## What needs to be done
Would you return the listing exactly as written, apart from its pictures?

## Records supplied

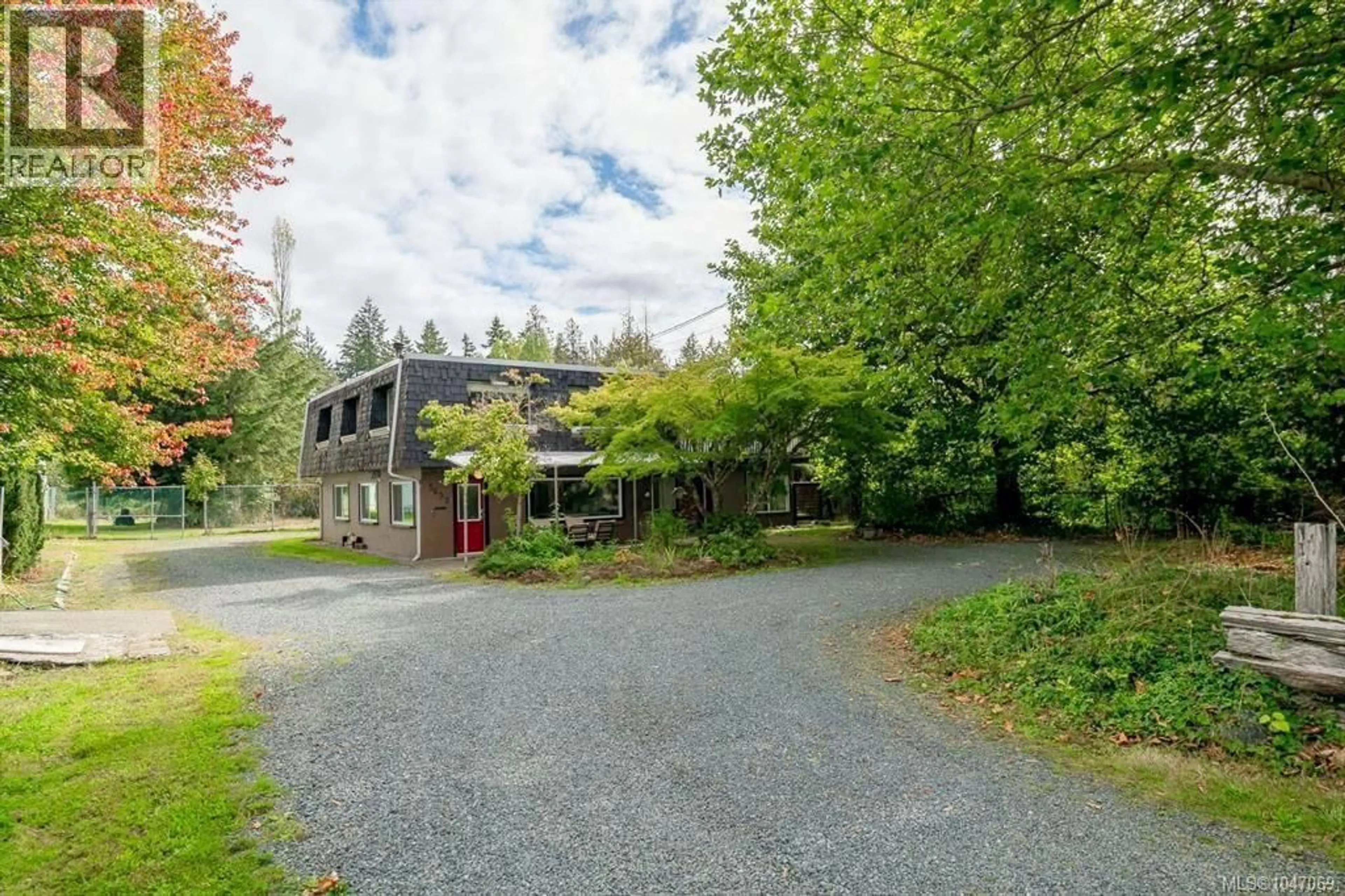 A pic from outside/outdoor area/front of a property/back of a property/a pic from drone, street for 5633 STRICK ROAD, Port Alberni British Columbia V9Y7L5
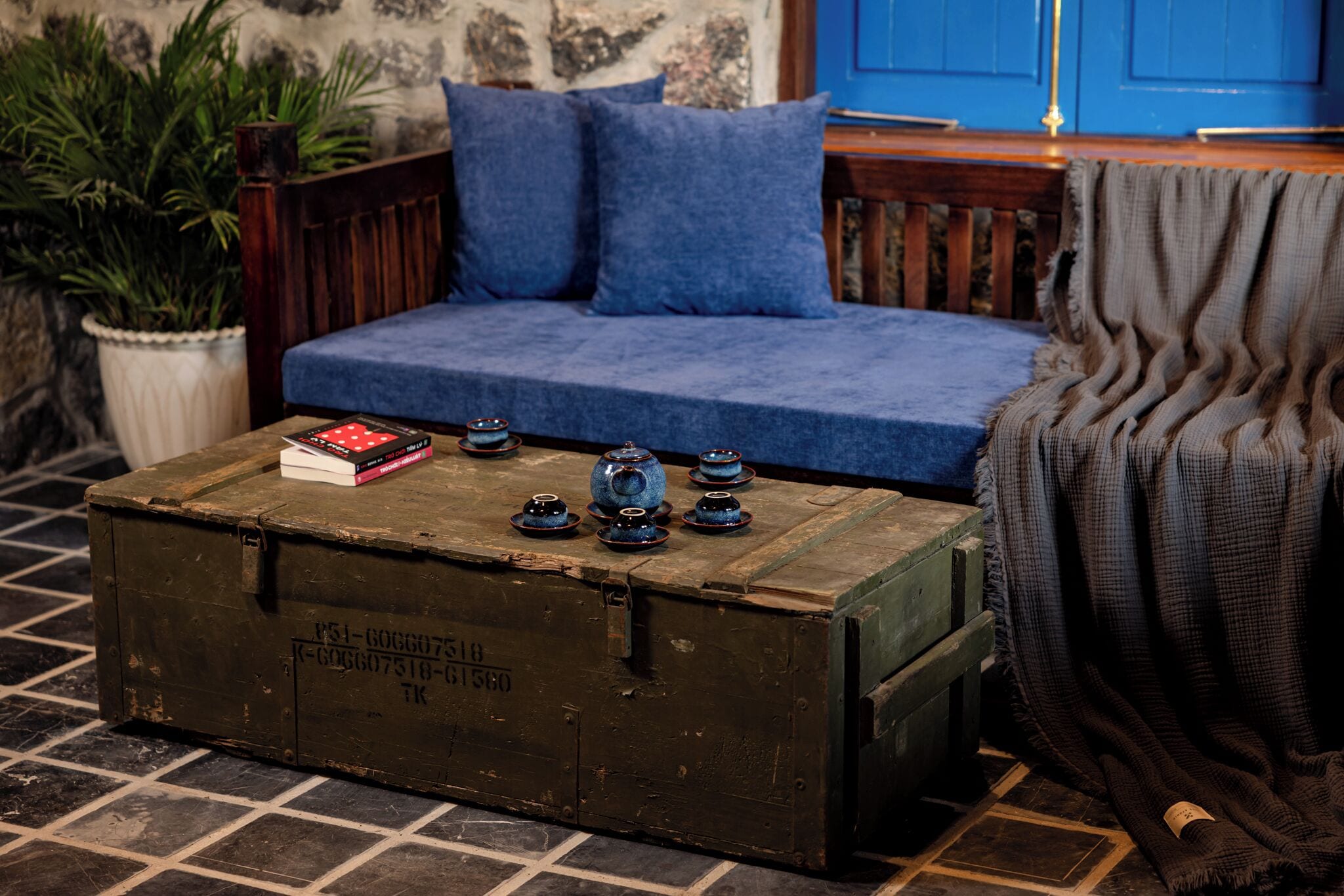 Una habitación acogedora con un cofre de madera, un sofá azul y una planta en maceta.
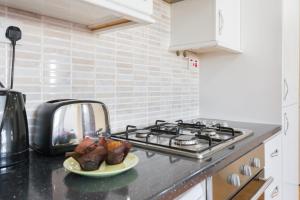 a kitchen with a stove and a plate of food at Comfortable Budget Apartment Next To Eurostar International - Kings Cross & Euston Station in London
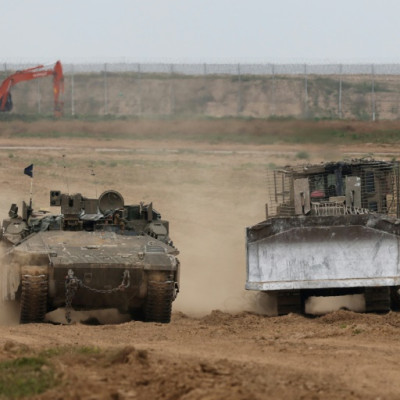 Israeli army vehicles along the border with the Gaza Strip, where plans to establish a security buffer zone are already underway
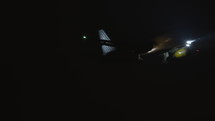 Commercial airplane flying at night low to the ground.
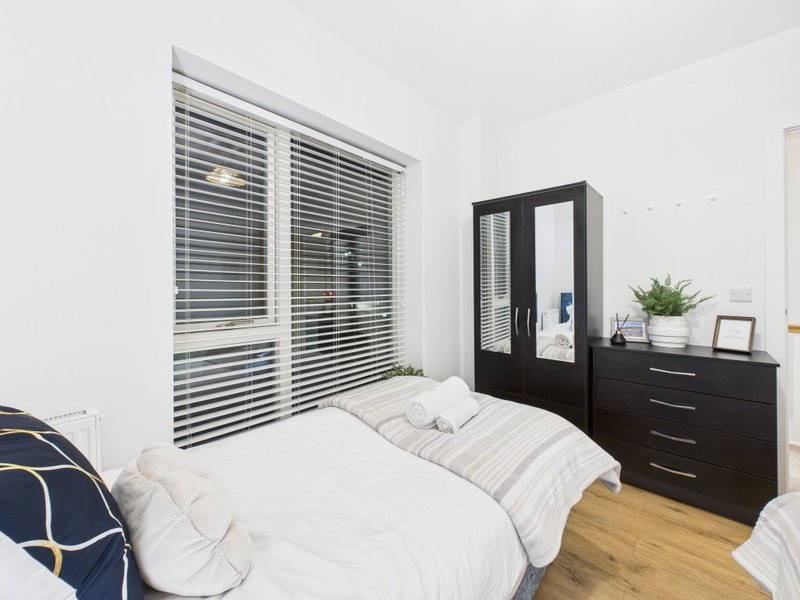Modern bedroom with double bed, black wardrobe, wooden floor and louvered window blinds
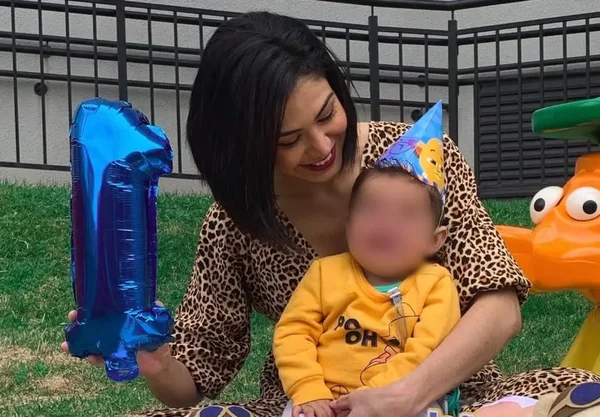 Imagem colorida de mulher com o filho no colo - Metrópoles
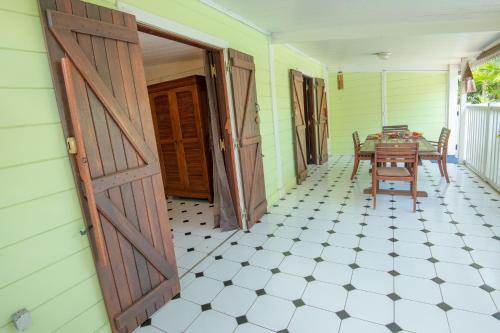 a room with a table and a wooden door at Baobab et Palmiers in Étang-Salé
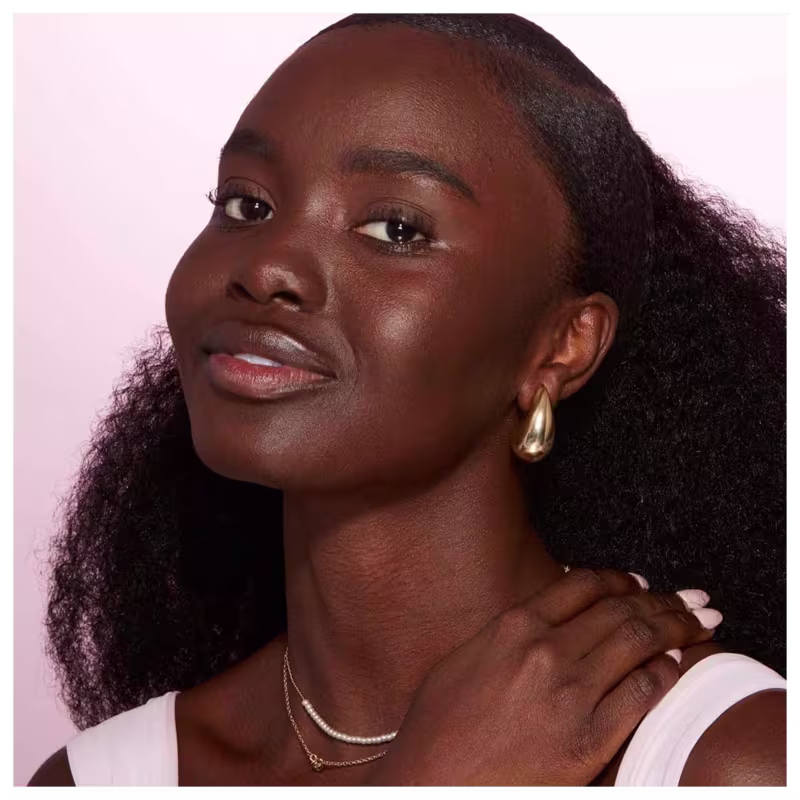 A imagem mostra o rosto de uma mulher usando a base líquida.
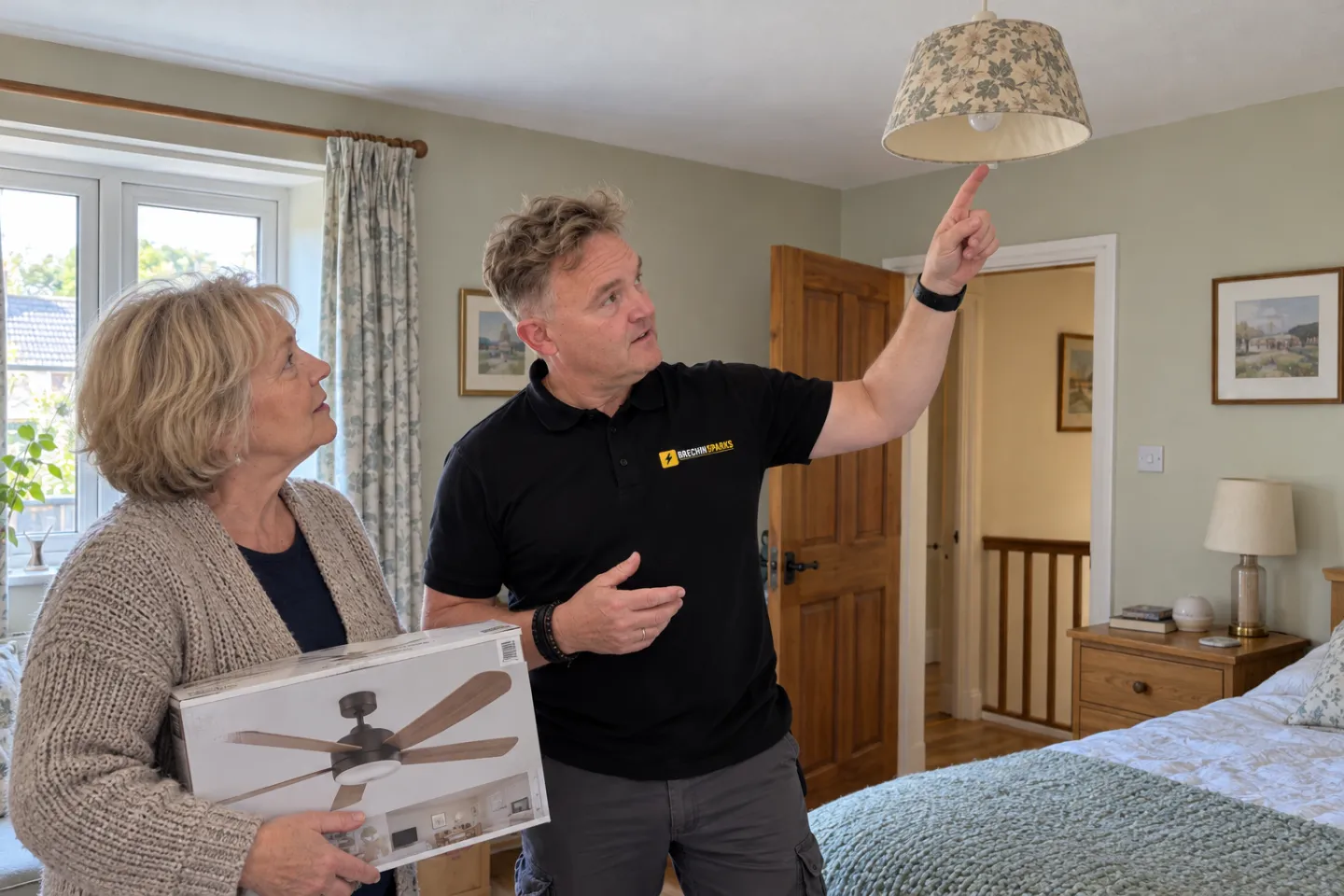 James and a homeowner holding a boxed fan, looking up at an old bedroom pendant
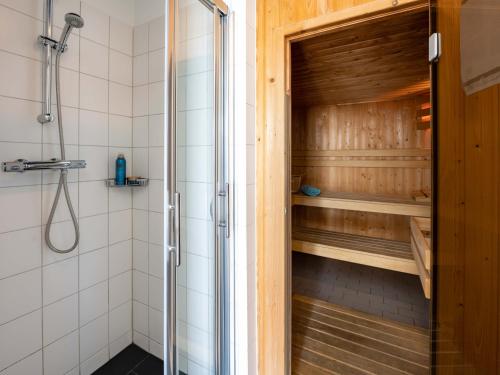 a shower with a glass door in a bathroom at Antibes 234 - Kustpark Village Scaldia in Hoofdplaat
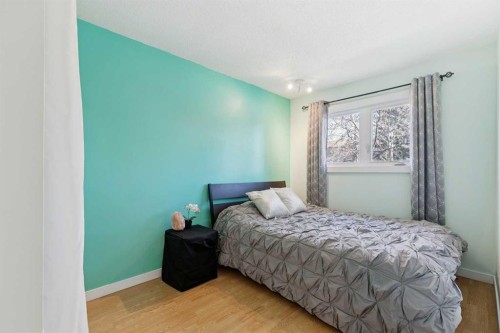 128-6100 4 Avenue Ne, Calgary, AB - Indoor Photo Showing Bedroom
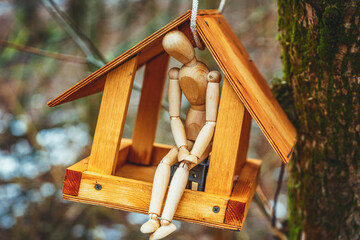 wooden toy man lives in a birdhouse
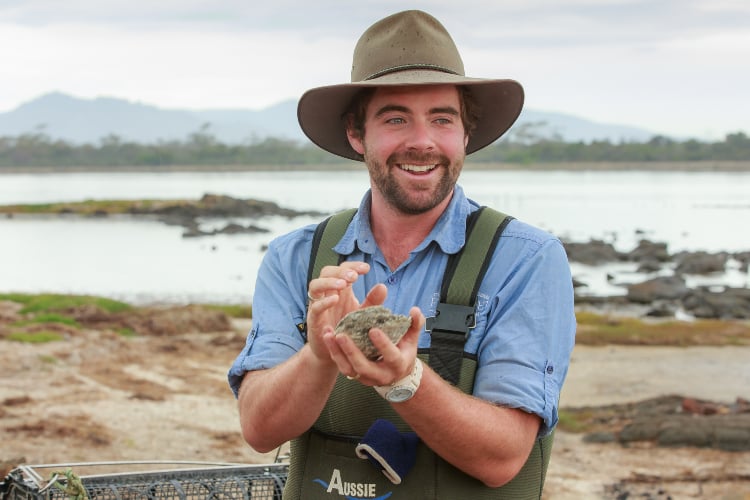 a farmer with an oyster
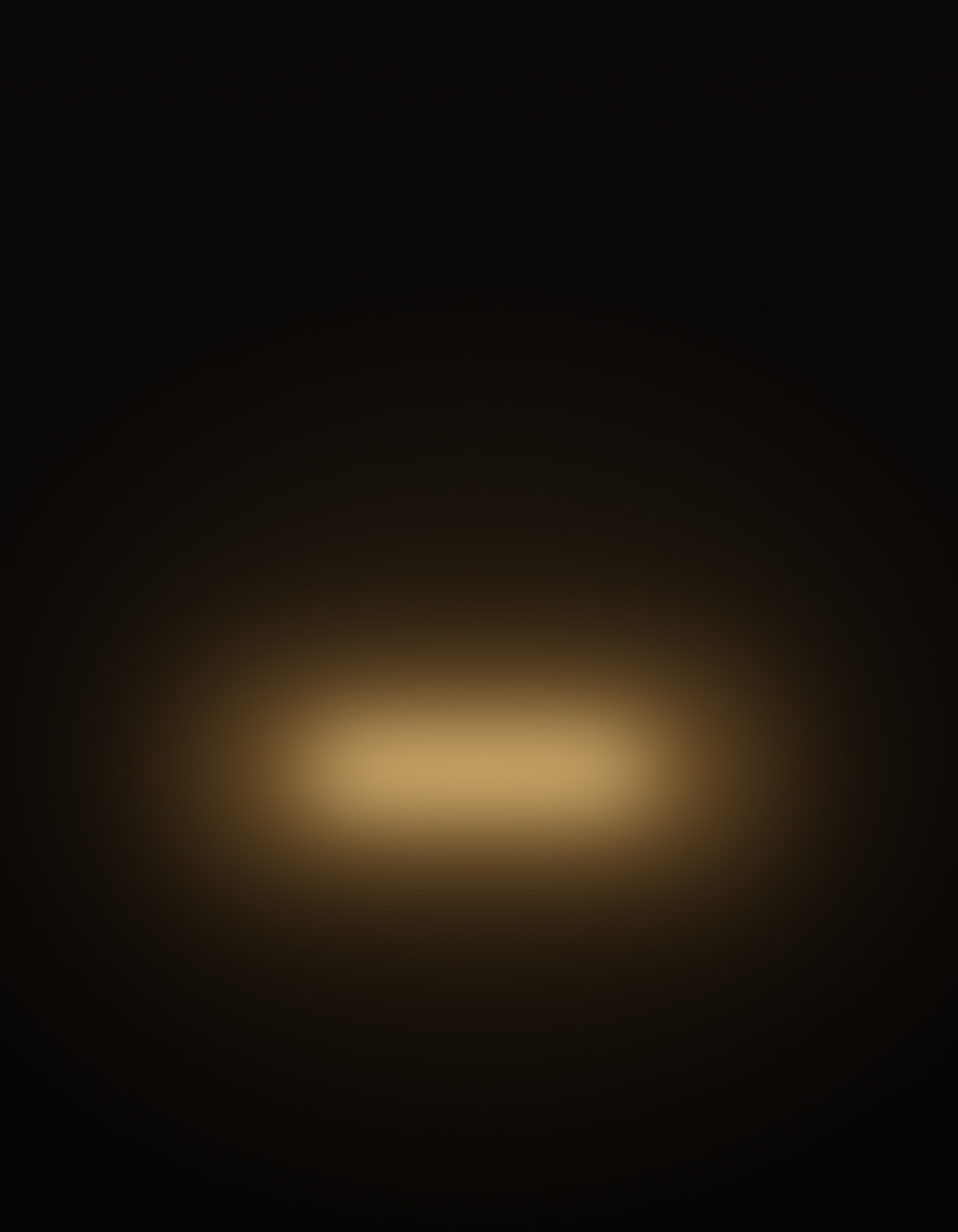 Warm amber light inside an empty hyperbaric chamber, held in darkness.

## Solution
 A pic from outside/outdoor area/front of a property/back of a property/a pic from drone, street for 5633 STRICK ROAD, Port Alberni British Columbia V9Y7L5
 Una habitación acogedora con un cofre de madera, un sofá azul y una planta en maceta.
 a kitchen with a stove and a plate of food at Comfortable Budget Apartment Next To Eurostar International - Kings Cross & Euston Station in London
 Israeli army vehicles along the border with the Gaza Strip, where plans to establish a security buffer zone are already underway
 Commercial airplane flying at night low to the ground.
Modern bedroom with double bed, black wardrobe, wooden floor and louvered window blinds
 Imagem colorida de mulher com o filho no colo - Metrópoles
 a room with a table and a wooden door at Baobab et Palmiers in Étang-Salé
 A imagem mostra o rosto de uma mulher usando a base líquida.
 James and a homeowner holding a boxed fan, looking up at an old bedroom pendant
 a shower with a glass door in a bathroom at Antibes 234 - Kustpark Village Scaldia in Hoofdplaat
 128-6100 4 Avenue Ne, Calgary, AB - Indoor Photo Showing Bedroom
 wooden toy man lives in a birdhouse
 a farmer with an oyster
 Warm amber light inside an empty hyperbaric chamber, held in darkness.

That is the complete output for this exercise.